**Task to carry out**
All of the entries need to be written out again, exactly as they are.

**Extracted records**
* * * * * * *
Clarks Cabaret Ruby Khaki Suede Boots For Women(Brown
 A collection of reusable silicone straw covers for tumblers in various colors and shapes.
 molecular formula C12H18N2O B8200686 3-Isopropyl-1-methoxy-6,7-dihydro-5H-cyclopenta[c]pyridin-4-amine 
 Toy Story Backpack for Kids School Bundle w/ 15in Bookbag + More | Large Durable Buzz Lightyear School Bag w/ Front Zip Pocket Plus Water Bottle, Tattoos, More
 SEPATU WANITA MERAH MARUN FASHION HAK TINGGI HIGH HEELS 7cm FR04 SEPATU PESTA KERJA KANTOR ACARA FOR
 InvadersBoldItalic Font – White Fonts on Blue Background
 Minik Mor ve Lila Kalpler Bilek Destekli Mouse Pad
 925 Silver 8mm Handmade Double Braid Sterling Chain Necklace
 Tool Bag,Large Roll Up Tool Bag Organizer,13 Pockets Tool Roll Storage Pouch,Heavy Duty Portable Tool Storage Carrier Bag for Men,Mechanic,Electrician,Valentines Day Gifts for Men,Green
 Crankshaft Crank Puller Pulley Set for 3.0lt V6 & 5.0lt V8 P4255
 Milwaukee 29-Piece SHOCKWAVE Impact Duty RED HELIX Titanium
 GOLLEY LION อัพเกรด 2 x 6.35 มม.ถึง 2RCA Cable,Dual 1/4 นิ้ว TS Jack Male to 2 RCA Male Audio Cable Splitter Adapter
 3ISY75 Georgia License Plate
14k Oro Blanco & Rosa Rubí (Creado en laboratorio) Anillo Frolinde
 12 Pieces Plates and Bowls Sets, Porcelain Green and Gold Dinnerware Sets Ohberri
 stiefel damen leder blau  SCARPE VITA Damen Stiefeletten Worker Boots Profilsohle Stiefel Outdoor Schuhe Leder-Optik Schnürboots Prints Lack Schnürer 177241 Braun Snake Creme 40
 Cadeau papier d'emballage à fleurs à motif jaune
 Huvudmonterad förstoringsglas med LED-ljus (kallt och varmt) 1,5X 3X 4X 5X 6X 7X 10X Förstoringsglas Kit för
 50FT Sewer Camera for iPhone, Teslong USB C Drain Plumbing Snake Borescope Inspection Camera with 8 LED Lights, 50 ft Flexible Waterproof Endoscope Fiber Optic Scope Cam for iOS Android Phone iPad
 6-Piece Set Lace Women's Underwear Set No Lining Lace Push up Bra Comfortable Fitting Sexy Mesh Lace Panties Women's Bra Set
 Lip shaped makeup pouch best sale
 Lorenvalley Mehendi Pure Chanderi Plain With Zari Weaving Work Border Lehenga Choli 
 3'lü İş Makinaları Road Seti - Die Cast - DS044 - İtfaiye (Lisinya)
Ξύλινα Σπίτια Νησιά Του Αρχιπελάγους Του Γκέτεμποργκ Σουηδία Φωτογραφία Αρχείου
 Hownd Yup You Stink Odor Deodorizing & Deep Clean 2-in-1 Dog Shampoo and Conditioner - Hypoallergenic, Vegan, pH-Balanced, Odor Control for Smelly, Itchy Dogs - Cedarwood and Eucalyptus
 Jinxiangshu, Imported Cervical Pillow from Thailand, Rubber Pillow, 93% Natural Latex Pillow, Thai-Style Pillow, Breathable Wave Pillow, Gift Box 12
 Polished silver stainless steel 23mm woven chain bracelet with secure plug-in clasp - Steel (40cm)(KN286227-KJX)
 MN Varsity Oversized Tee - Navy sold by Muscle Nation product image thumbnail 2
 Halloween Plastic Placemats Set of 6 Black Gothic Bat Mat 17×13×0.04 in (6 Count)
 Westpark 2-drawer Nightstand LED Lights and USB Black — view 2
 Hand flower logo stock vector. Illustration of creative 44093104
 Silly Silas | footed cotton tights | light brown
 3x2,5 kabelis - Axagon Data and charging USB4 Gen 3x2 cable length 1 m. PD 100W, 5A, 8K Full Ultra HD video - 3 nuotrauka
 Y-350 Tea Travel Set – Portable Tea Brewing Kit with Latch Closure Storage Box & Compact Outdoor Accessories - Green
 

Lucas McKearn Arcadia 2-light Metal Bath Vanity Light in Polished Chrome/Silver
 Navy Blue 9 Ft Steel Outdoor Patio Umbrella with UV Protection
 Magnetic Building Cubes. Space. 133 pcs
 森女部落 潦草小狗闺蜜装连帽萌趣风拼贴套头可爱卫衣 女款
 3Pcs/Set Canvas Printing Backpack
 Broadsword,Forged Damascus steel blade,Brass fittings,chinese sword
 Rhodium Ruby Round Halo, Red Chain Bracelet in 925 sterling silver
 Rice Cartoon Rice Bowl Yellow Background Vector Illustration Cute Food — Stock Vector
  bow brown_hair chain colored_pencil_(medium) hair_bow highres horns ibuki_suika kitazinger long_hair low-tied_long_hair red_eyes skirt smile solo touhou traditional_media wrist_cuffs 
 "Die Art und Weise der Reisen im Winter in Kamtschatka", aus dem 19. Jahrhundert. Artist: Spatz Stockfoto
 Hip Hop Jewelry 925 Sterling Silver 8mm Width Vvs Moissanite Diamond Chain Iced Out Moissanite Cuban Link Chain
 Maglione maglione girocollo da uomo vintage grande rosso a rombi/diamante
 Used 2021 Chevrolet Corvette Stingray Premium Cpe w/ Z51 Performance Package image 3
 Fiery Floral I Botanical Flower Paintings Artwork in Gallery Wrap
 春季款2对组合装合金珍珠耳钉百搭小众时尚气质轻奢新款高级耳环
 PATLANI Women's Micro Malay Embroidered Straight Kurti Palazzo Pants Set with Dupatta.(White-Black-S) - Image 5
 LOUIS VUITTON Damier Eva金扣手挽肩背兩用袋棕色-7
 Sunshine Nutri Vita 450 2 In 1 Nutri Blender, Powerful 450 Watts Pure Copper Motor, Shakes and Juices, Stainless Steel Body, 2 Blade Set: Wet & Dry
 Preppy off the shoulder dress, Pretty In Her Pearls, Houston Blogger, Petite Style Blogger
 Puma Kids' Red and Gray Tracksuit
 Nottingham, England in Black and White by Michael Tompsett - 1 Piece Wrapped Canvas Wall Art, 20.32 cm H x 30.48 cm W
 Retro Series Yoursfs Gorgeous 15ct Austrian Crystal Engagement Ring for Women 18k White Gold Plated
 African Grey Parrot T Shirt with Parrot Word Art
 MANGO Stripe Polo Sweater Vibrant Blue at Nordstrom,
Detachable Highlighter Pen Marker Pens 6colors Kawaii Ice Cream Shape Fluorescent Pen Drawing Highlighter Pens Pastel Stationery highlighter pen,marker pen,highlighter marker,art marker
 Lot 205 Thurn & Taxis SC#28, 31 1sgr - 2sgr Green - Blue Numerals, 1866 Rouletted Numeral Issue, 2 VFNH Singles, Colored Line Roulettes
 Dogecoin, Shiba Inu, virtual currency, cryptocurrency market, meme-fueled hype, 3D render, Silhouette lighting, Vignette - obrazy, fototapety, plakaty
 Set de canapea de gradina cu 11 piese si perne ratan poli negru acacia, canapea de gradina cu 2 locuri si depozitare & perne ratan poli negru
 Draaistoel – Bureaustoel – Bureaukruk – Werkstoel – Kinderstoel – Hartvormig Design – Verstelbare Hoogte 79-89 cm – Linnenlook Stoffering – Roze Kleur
* * * * * * *
**Task solution**
Clarks Cabaret Ruby Khaki Suede Boots For Women(Brown
 A collection of reusable silicone straw covers for tumblers in various colors and shapes.
 molecular formula C12H18N2O B8200686 3-Isopropyl-1-methoxy-6,7-dihydro-5H-cyclopenta[c]pyridin-4-amine 
 Toy Story Backpack for Kids School Bundle w/ 15in Bookbag + More | Large Durable Buzz Lightyear School Bag w/ Front Zip Pocket Plus Water Bottle, Tattoos, More
 SEPATU WANITA MERAH MARUN FASHION HAK TINGGI HIGH HEELS 7cm FR04 SEPATU PESTA KERJA KANTOR ACARA FOR
 InvadersBoldItalic Font – White Fonts on Blue Background
 Minik Mor ve Lila Kalpler Bilek Destekli Mouse Pad
 925 Silver 8mm Handmade Double Braid Sterling Chain Necklace
 Tool Bag,Large Roll Up Tool Bag Organizer,13 Pockets Tool Roll Storage Pouch,Heavy Duty Portable Tool Storage Carrier Bag for Men,Mechanic,Electrician,Valentines Day Gifts for Men,Green
 Crankshaft Crank Puller Pulley Set for 3.0lt V6 & 5.0lt V8 P4255
 Milwaukee 29-Piece SHOCKWAVE Impact Duty RED HELIX Titanium
 GOLLEY LION อัพเกรด 2 x 6.35 มม.ถึง 2RCA Cable,Dual 1/4 นิ้ว TS Jack Male to 2 RCA Male Audio Cable Splitter Adapter
 3ISY75 Georgia License Plate
14k Oro Blanco & Rosa Rubí (Creado en laboratorio) Anillo Frolinde
 12 Pieces Plates and Bowls Sets, Porcelain Green and Gold Dinnerware Sets Ohberri
 stiefel damen leder blau  SCARPE VITA Damen Stiefeletten Worker Boots Profilsohle Stiefel Outdoor Schuhe Leder-Optik Schnürboots Prints Lack Schnürer 177241 Braun Snake Creme 40
 Cadeau papier d'emballage à fleurs à motif jaune
 Huvudmonterad förstoringsglas med LED-ljus (kallt och varmt) 1,5X 3X 4X 5X 6X 7X 10X Förstoringsglas Kit för
 50FT Sewer Camera for iPhone, Teslong USB C Drain Plumbing Snake Borescope Inspection Camera with 8 LED Lights, 50 ft Flexible Waterproof Endoscope Fiber Optic Scope Cam for iOS Android Phone iPad
 6-Piece Set Lace Women's Underwear Set No Lining Lace Push up Bra Comfortable Fitting Sexy Mesh Lace Panties Women's Bra Set
 Lip shaped makeup pouch best sale
 Lorenvalley Mehendi Pure Chanderi Plain With Zari Weaving Work Border Lehenga Choli 
 3'lü İş Makinaları Road Seti - Die Cast - DS044 - İtfaiye (Lisinya)
Ξύλινα Σπίτια Νησιά Του Αρχιπελάγους Του Γκέτεμποργκ Σουηδία Φωτογραφία Αρχείου
 Hownd Yup You Stink Odor Deodorizing & Deep Clean 2-in-1 Dog Shampoo and Conditioner - Hypoallergenic, Vegan, pH-Balanced, Odor Control for Smelly, Itchy Dogs - Cedarwood and Eucalyptus
 Jinxiangshu, Imported Cervical Pillow from Thailand, Rubber Pillow, 93% Natural Latex Pillow, Thai-Style Pillow, Breathable Wave Pillow, Gift Box 12
 Polished silver stainless steel 23mm woven chain bracelet with secure plug-in clasp - Steel (40cm)(KN286227-KJX)
 MN Varsity Oversized Tee - Navy sold by Muscle Nation product image thumbnail 2
 Halloween Plastic Placemats Set of 6 Black Gothic Bat Mat 17×13×0.04 in (6 Count)
 Westpark 2-drawer Nightstand LED Lights and USB Black — view 2
 Hand flower logo stock vector. Illustration of creative 44093104
 Silly Silas | footed cotton tights | light brown
 3x2,5 kabelis - Axagon Data and charging USB4 Gen 3x2 cable length 1 m. PD 100W, 5A, 8K Full Ultra HD video - 3 nuotrauka
 Y-350 Tea Travel Set – Portable Tea Brewing Kit with Latch Closure Storage Box & Compact Outdoor Accessories - Green
 

Lucas McKearn Arcadia 2-light Metal Bath Vanity Light in Polished Chrome/Silver
 Navy Blue 9 Ft Steel Outdoor Patio Umbrella with UV Protection
 Magnetic Building Cubes. Space. 133 pcs
 森女部落 潦草小狗闺蜜装连帽萌趣风拼贴套头可爱卫衣 女款
 3Pcs/Set Canvas Printing Backpack
 Broadsword,Forged Damascus steel blade,Brass fittings,chinese sword
 Rhodium Ruby Round Halo, Red Chain Bracelet in 925 sterling silver
 Rice Cartoon Rice Bowl Yellow Background Vector Illustration Cute Food — Stock Vector
  bow brown_hair chain colored_pencil_(medium) hair_bow highres horns ibuki_suika kitazinger long_hair low-tied_long_hair red_eyes skirt smile solo touhou traditional_media wrist_cuffs 
 "Die Art und Weise der Reisen im Winter in Kamtschatka", aus dem 19. Jahrhundert. Artist: Spatz Stockfoto
 Hip Hop Jewelry 925 Sterling Silver 8mm Width Vvs Moissanite Diamond Chain Iced Out Moissanite Cuban Link Chain
 Maglione maglione girocollo da uomo vintage grande rosso a rombi/diamante
 Used 2021 Chevrolet Corvette Stingray Premium Cpe w/ Z51 Performance Package image 3
 Fiery Floral I Botanical Flower Paintings Artwork in Gallery Wrap
 春季款2对组合装合金珍珠耳钉百搭小众时尚气质轻奢新款高级耳环
 PATLANI Women's Micro Malay Embroidered Straight Kurti Palazzo Pants Set with Dupatta.(White-Black-S) - Image 5
 LOUIS VUITTON Damier Eva金扣手挽肩背兩用袋棕色-7
 Sunshine Nutri Vita 450 2 In 1 Nutri Blender, Powerful 450 Watts Pure Copper Motor, Shakes and Juices, Stainless Steel Body, 2 Blade Set: Wet & Dry
 Preppy off the shoulder dress, Pretty In Her Pearls, Houston Blogger, Petite Style Blogger
 Puma Kids' Red and Gray Tracksuit
 Nottingham, England in Black and White by Michael Tompsett - 1 Piece Wrapped Canvas Wall Art, 20.32 cm H x 30.48 cm W
 Retro Series Yoursfs Gorgeous 15ct Austrian Crystal Engagement Ring for Women 18k White Gold Plated
 African Grey Parrot T Shirt with Parrot Word Art
 MANGO Stripe Polo Sweater Vibrant Blue at Nordstrom,
Detachable Highlighter Pen Marker Pens 6colors Kawaii Ice Cream Shape Fluorescent Pen Drawing Highlighter Pens Pastel Stationery highlighter pen,marker pen,highlighter marker,art marker
 Lot 205 Thurn & Taxis SC#28, 31 1sgr - 2sgr Green - Blue Numerals, 1866 Rouletted Numeral Issue, 2 VFNH Singles, Colored Line Roulettes
 Dogecoin, Shiba Inu, virtual currency, cryptocurrency market, meme-fueled hype, 3D render, Silhouette lighting, Vignette - obrazy, fototapety, plakaty
 Set de canapea de gradina cu 11 piese si perne ratan poli negru acacia, canapea de gradina cu 2 locuri si depozitare & perne ratan poli negru
 Draaistoel – Bureaustoel – Bureaukruk – Werkstoel – Kinderstoel – Hartvormig Design – Verstelbare Hoogte 79-89 cm – Linnenlook Stoffering – Roze Kleur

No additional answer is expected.